You cannot begin to understand the stress of having to attend four holidays has on a person/couple/family. You have never had to do two holidays, yet alone four. So I’m going to try and explain my point of view.
When I had two holidays as a child, it was stressful for me, and I never enjoyed it. However, I loved my family and it was always nice to see everyone all in one day, so I smiled and told myself it only happens a few days per year.
Then I started dating my husband, who also had to attend two holidays. That’s when everything became a bit more complicated, because now- if we wanted to spend holidays together (which we did) – we had to attend FOUR.
We got lucky at first, Christmas was pretty easy, Easter was OK, but then there was Thanksgiving. Most people eat Thanksgiving dinner AROUND the same time- so how would we attend all four?
We somehow have done it all these years, my wonderful husband has said many times that we didn’t need to, but I worried about ALL of YOUR feelings. I didn’t want anyone to be upset or offended. I didn’t want anyone to think one family was more important then the others.
Then we got married, and then I got pregnant, and I laid in bed worrying about the holidays to come.
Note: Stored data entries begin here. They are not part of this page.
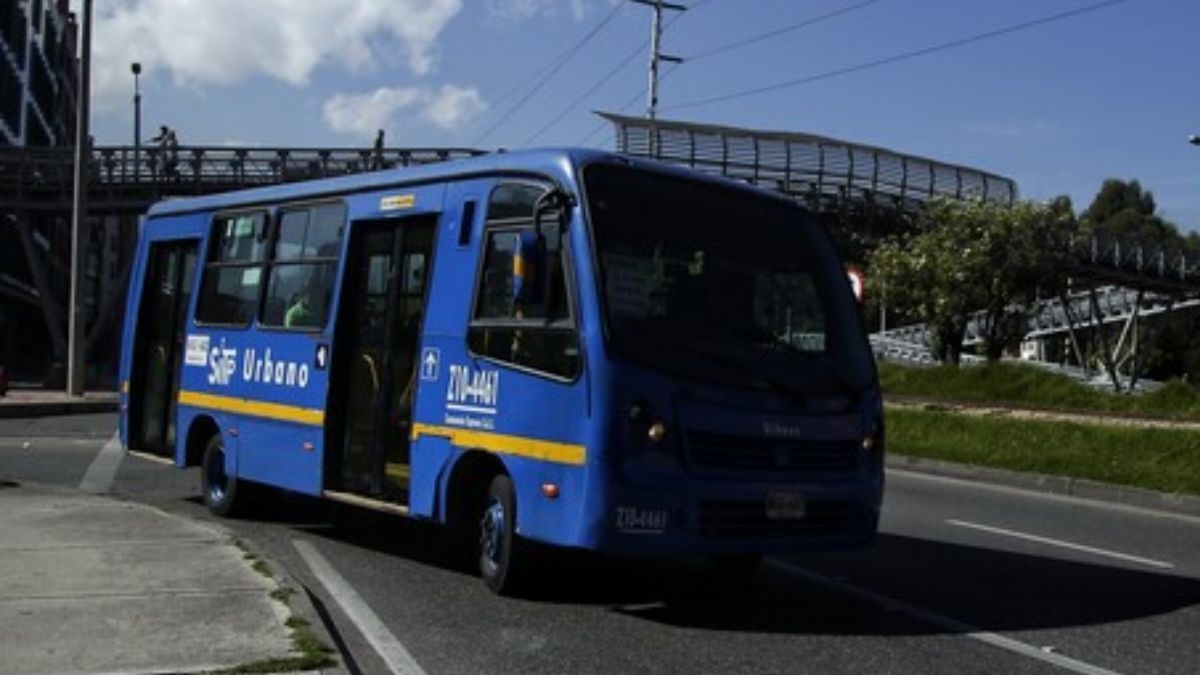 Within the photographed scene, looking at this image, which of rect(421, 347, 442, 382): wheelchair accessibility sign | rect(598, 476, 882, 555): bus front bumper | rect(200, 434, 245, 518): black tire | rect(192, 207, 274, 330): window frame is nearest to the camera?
rect(598, 476, 882, 555): bus front bumper

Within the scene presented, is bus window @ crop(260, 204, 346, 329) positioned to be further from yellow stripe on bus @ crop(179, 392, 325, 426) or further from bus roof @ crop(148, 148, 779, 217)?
yellow stripe on bus @ crop(179, 392, 325, 426)

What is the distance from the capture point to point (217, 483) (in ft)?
40.9

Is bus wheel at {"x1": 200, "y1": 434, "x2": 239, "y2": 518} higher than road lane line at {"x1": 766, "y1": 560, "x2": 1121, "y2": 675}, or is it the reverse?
bus wheel at {"x1": 200, "y1": 434, "x2": 239, "y2": 518}

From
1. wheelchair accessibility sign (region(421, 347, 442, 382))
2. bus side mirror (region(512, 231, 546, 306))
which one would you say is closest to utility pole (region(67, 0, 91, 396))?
wheelchair accessibility sign (region(421, 347, 442, 382))

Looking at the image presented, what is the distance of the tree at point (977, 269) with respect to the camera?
45.8m

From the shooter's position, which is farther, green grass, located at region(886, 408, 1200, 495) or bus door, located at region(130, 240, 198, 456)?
green grass, located at region(886, 408, 1200, 495)

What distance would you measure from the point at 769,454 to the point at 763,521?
399mm

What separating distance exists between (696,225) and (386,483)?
10.0 ft

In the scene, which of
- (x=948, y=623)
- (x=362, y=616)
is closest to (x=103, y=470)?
(x=362, y=616)

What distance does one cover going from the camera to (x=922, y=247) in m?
47.0

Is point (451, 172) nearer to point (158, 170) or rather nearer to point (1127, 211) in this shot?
point (158, 170)

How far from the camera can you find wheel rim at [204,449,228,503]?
12.3 metres

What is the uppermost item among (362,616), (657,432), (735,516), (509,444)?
(657,432)

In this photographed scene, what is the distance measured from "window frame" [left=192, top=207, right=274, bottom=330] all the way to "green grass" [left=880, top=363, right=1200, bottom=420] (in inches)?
705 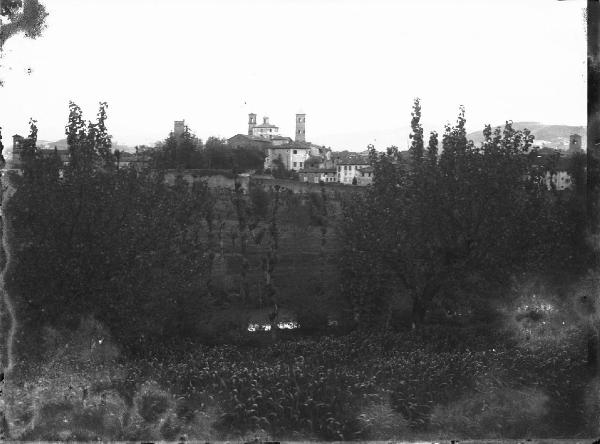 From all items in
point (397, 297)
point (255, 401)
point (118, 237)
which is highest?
point (118, 237)

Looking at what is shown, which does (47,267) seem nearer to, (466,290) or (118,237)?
(118,237)

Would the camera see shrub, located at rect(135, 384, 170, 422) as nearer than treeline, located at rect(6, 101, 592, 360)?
Yes

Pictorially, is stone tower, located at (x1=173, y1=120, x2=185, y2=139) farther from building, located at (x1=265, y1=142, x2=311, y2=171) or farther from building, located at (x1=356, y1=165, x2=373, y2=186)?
building, located at (x1=265, y1=142, x2=311, y2=171)

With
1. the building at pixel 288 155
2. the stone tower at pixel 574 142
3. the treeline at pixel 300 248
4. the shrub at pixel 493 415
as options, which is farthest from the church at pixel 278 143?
the shrub at pixel 493 415

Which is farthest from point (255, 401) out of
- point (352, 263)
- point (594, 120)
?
point (594, 120)

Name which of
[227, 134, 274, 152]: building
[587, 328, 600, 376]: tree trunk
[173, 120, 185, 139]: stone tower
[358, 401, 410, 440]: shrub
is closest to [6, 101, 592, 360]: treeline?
[173, 120, 185, 139]: stone tower

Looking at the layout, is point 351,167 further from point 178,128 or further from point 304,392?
point 304,392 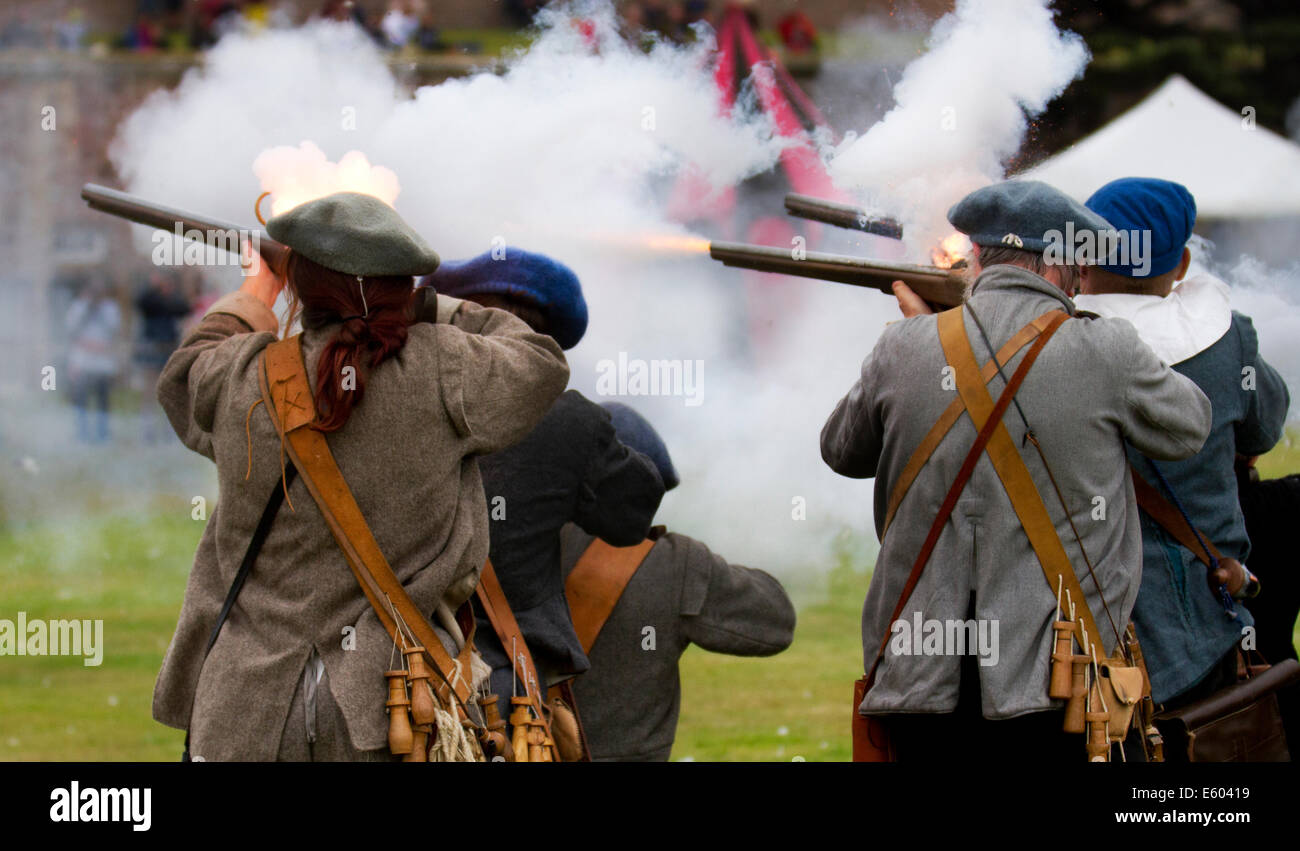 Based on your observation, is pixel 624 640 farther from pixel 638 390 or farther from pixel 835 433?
pixel 638 390

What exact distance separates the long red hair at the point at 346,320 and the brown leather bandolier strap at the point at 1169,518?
1.86 metres

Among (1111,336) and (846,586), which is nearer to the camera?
(1111,336)

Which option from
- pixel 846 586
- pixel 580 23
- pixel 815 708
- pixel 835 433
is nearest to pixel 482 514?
pixel 835 433

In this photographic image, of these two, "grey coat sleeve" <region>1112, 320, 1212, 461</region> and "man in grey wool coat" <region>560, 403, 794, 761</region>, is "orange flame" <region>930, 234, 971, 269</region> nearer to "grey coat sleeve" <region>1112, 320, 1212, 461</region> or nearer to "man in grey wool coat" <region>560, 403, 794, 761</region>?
"grey coat sleeve" <region>1112, 320, 1212, 461</region>

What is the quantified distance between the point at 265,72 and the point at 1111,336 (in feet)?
12.3

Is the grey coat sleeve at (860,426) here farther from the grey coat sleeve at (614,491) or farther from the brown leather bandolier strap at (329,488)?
the brown leather bandolier strap at (329,488)

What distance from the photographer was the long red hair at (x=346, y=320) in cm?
291

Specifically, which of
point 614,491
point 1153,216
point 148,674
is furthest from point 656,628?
point 148,674

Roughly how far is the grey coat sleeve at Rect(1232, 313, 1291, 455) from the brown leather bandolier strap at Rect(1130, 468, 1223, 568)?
32 centimetres

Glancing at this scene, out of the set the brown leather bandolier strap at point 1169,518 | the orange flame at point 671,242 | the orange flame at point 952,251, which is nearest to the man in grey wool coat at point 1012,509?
the brown leather bandolier strap at point 1169,518

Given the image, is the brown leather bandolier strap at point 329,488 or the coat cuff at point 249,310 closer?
the brown leather bandolier strap at point 329,488

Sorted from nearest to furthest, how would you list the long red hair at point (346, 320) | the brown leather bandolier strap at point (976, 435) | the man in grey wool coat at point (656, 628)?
the long red hair at point (346, 320) < the brown leather bandolier strap at point (976, 435) < the man in grey wool coat at point (656, 628)

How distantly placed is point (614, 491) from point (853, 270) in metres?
0.91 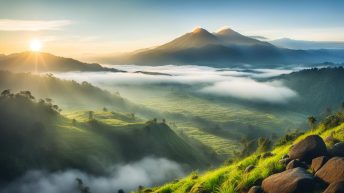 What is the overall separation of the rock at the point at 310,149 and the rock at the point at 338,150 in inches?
21.2

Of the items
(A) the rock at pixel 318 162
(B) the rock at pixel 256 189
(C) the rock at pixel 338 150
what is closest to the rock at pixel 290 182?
(B) the rock at pixel 256 189

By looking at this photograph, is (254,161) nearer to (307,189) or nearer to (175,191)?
(175,191)

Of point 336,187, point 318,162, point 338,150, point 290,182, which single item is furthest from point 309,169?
point 336,187

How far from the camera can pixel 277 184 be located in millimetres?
23281

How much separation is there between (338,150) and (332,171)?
4274 mm

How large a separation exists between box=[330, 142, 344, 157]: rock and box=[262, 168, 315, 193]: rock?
11.4 feet

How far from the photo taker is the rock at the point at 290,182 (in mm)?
22266

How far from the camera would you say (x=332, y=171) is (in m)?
22.4

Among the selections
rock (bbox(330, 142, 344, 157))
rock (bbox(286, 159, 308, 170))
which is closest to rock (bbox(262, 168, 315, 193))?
rock (bbox(286, 159, 308, 170))

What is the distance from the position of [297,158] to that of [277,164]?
1256 millimetres

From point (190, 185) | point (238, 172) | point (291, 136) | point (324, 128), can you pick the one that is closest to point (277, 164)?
point (238, 172)

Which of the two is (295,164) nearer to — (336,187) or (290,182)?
(290,182)

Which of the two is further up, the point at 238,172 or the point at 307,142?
the point at 307,142

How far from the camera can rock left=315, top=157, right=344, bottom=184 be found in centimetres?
2188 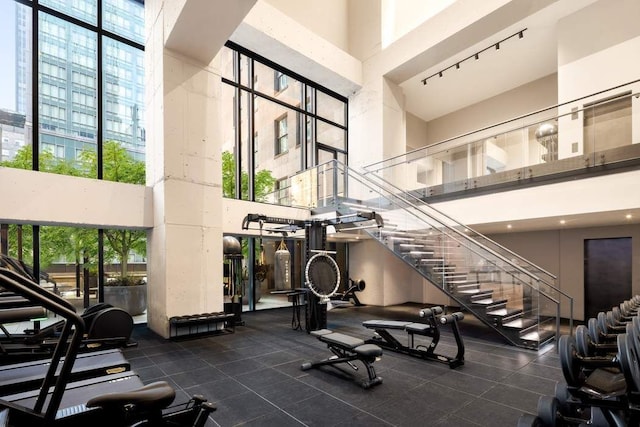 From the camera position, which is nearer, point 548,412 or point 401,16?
point 548,412

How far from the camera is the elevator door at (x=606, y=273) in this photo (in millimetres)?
7621

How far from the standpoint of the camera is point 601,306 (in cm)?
796

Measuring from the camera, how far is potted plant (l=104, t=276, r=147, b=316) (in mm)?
7371

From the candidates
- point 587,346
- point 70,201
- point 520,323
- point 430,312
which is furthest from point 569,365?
point 70,201

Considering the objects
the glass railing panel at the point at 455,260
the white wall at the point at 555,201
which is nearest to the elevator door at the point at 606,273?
the white wall at the point at 555,201

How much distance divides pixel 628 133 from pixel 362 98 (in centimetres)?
752

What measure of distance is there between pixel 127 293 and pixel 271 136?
641cm

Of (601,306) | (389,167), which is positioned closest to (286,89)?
(389,167)

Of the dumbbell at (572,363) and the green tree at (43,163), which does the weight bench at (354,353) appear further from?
the green tree at (43,163)

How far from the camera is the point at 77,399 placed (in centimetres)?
229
I said to my husband- “I don’t want to drag this baby around to four different houses across the East Valley. Everyone is going to want to see her though”. He told me not to worry about anyone else, that it would all workout, and everyone would understand.
Then along came Easter, Thanksgiving and Christmas and I found myself attending all 4 still, with baby in tow. I didn’t want to upset or offend anyone.
Now here we are, on year two, and I am DONE. I watch others who RELAX on holidays, enjoy their glass of wine and spend time with their families. While I run around like a chicken with my head cut off, constantly looking at the clock thinking- “in 10 minutes we need to leave to get to the next house in time”. I have yet to ENJOY a holiday, or my day off.
Try to remember what it was like when you had a toddler, when you were still figuring our life with a small child who needs you. I’m sure your first holidays were hard… trying to figure out nap times and holiday meals. Now imagine that multiplied by four.
So this year, instead of being a stressed ball of worry, I’m sitting out. It’s not because I don’t love you- I promise it’s quite the opposite actually. I feel INCREDIBLY blessed to have 8 parents, and OVERJOYED to have so much family to love and care for.
This year though- I’m going to worry about myself, MY sanity, and MY happiness. I’m going to worry about this little family of my own. It will make us happy to RELAX on holidays, and enjoy our day off. So, I’m sitting Thanksgiving out. We would love to see you, and you are welcome to come by, or you are more than welcome to make plans with us the day before or after the holiday.
But this year, we won’t be running across the East Valley, and we will be figuring out a fair holiday rotation from now on. This year, I’m going to be selfish. This year- I’m out!